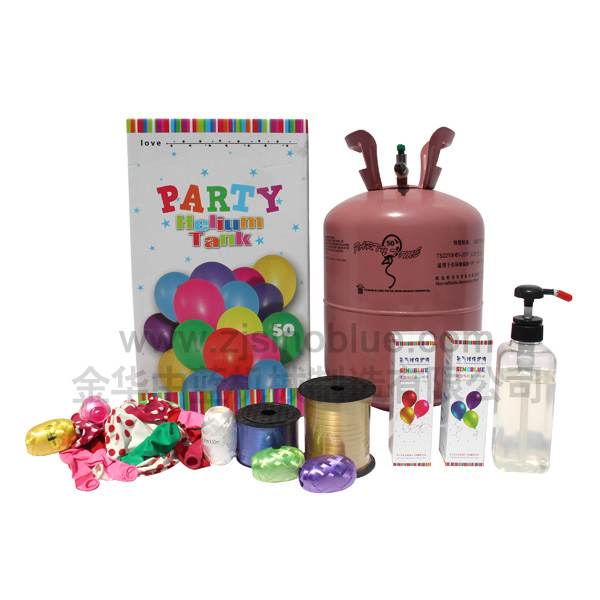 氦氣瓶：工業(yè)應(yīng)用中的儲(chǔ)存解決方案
---
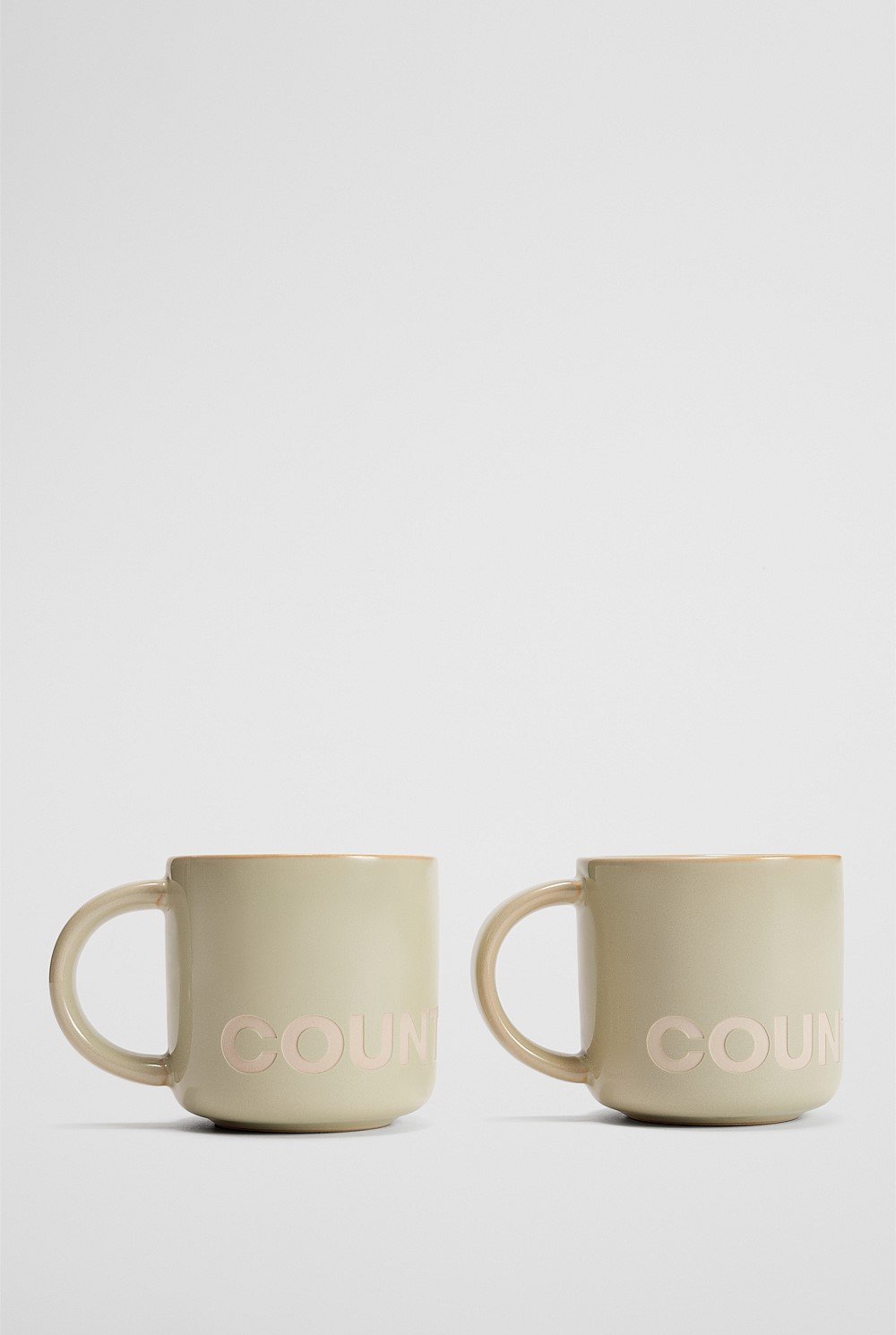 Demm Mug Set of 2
==
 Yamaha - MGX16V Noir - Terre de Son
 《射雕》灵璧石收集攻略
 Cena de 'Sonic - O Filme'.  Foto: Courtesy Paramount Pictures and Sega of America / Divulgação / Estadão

Task prompt
Reproduce only the lines above spanning from the line containing "Yamaha - MGX16V Noir - Terre de Son" through the line containing "Cena de 'Sonic", word for word.

Solved exercise
 Yamaha - MGX16V Noir - Terre de Son
 《射雕》灵璧石收集攻略
 Cena de 'Sonic - O Filme'.  Foto: Courtesy Paramount Pictures and Sega of America / Divulgação / Estadão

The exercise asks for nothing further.